VwGH vom 27.03.2007, 2007/21/0032
Beachte
Serie (erledigt im gleichen Sinn):
2006/21/0348 E
2007/21/0048 E
Betreff
Der Verwaltungsgerichtshof hat durch den Vorsitzenden Senatspräsident Dr. Novak und die Hofräte Dr. Robl, Dr. Pelant, Dr. Sulzbacher und Dr. Pfiel als Richter, im Beisein des Schriftführers Mag. Plankensteiner, über die Beschwerde des P, vertreten durch Edward W. Daigneault, Solicitor in 1170 Wien, Hernalser Gürtel 47/4, gegen den Bescheid des Unabhängigen Verwaltungssenates Wien vom , Zl. UVS- 01/57/9021/2006/3, betreffend Anordnung der Schubhaft, zu Recht erkannt:
Spruch
Der angefochtene Bescheid wird wegen Rechtswidrigkeit infolge Unzuständigkeit der belangten Behörde aufgehoben.

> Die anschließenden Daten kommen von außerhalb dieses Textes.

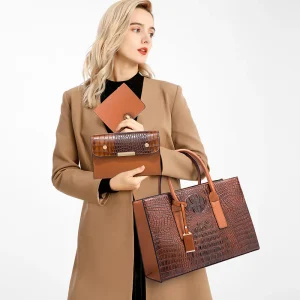 VOGALIA  sac à main femme 3 Pcs– Pochette + bandoulière + sac épaule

Der Bund hat dem Beschwerdeführer Aufwendungen in der Höhe von EUR 991,20 binnen zwei Wochen bei sonstiger Exekution zu ersetzen.
Begründung
Der Beschwerdeführer, ein nigerianischer Staatsangehöriger, der bereits in Deutschland unter anderer Identität einen erfolglosen Asylantrag gestellt hatte und nach Nigeria abgeschoben worden war, reiste am nach Österreich ein und beantragte noch am selben Tag die Gewährung von Asyl.

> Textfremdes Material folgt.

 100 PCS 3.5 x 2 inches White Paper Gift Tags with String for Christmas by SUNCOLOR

Mit Gerichtsurteil vom wurde der Beschwerdeführer wegen eines Suchtmitteldeliktes zu einer teilbedingten Freiheitsstrafe verurteilt. Am wurde er neuerlich wegen des Tatverdachtes nach dem SMG in Wien festgenommen und es wurde über ihn die Untersuchungshaft verhängt. In der Folge wurde der Beschwerdeführer mit einem am ergangenen rechtskräftigen Urteil zu einer (unbedingten) Freiheitsstrafe gerichtlich verurteilt und die bedingte Nachsicht hinsichtlich des Strafrestes aus der ersten Verurteilung widerrufen. Der Beschwerdeführer wurde am von Wien in die Justizanstalt Leoben zum weiteren Strafvollzug überstellt; das voraussichtliche Haftende ist am .

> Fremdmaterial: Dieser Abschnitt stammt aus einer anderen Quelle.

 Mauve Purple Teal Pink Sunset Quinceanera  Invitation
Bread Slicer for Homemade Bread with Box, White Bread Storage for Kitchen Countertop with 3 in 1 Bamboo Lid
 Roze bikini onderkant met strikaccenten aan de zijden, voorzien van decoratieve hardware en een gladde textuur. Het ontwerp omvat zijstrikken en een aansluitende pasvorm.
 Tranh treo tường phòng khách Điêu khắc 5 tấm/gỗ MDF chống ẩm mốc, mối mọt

Im Hinblick auf die genannten Verurteilungen war gegen den Beschwerdeführer zunächst ein mit zehn Jahren befristetes Aufenthaltsverbot und mit rechtskräftigem Bescheid vom ein unbefristetes Rückkehrverbot erlassen worden. Der Asylantrag des Beschwerdeführers wurde mit im Instanzenzug ergangenem Berufungsbescheid vom gemäß § 7 Asylgesetz 1997 (AsylG) abgewiesen; gemäß § 8 Abs. 1 AsylG wurde die Zulässigkeit seiner Abschiebung nach Nigeria festgestellt und gemäß § 8 Abs. 2 AsylG seine Ausweisung verfügt.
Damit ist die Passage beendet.